I can call you friends because I assume you're reading this cause I told you too. I don't know anyone who randomly reads Blogger profiles just cause they were bored. This is just a sort of starter/tester/format check entry, I'll actually begin recounting my riveting summer in Ohio in a few days. Possibly tonight. We shall see. Anyway, I think the best way to start this would be to introduce myself. Since I'm gonna guess you already know me (see above explanation) I thought I'd share some lesser known facts about myself. Pay attention, there will be a quiz:

1. My favorite beverage is anything diet. I know the carcinogens will eventually kill me, and have no comment on the subject. I just can't justify drinking the same drink (more or less) but for 200 more calories. The day someone figures out how to make zero calorie alcohol, I will be a happy happy girl. I mean, I turn 21 in July. I'll get back to you.

2. When I was little I would rescue all the worms from the sidewalk after it rained so they wouldn't shrivel up and die when the pavement dried. (Sidebar: Before these pre-emptive worm rescue missions, I tried to rehydrate the worms by spitting on them. It didn't work. And the neighbors were none too pleased)

3. I thoroughly enjoy SAT/ACT week, AP tests, finals week, and proficiency testing.

4. I have an obsession with old photographs/letters/historical documents. There's something so relatable about looking at pictures of people who've already done life.

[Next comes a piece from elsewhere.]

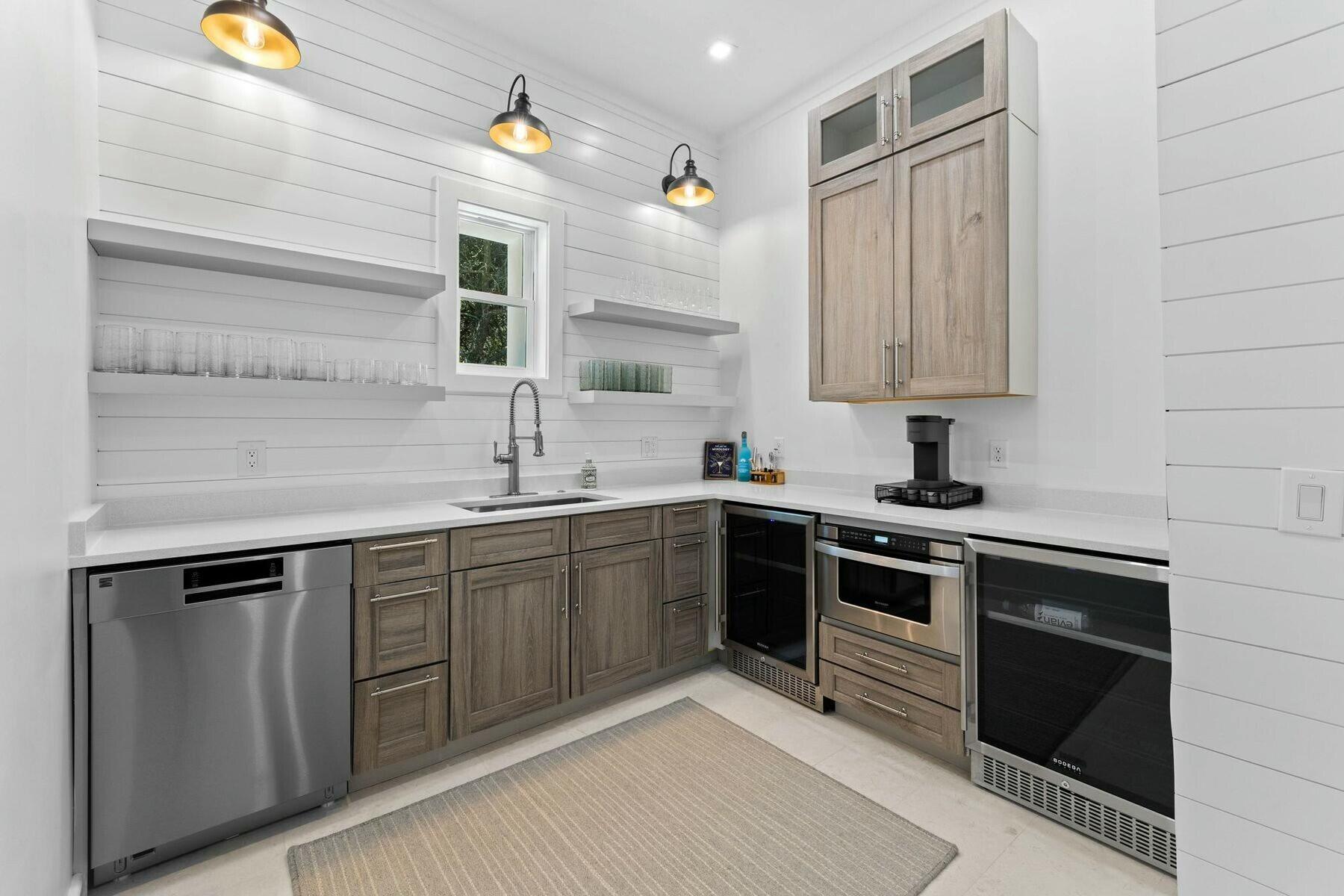 3434 E County Highway 30A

5. My favorite kitchen gadget is the apple cutter that makes your apples into Slinky's.

6. My favorite kitchen activity is eating slinky apples (does that sound dirty? it's not meant to) and rave dancing with my puppy (Stella. She's cuter than your dog probably). Not at the same time.

7. I played trombone in the marching band, wind ensemble, and orchestra in high school.

8. I like organizing my writing by number. Sometimes of the Roman variety.

9. I am fundamentally opposed to smart phones. My cellular device is remedial.

10. I'm not exactly thoughtful, I'm just full of thoughts. This blog will basically be all the thinks in my head spat out onto the interwebs

*11. I refer to the internet as the interweb

10 (Continued). I hope you enjoy! I'm up for suggestions. But mostly I'm just gonna write whatever comes to mind. It would be cool if you could write responses. Can that happen on blogs? I hope so. Let's figure that out. Writing this list has already made me think of about 4 blogs I definitely want to write. Huzzah!

I need to come up with a cool sign off. I'll just test out a few over the next few blogs.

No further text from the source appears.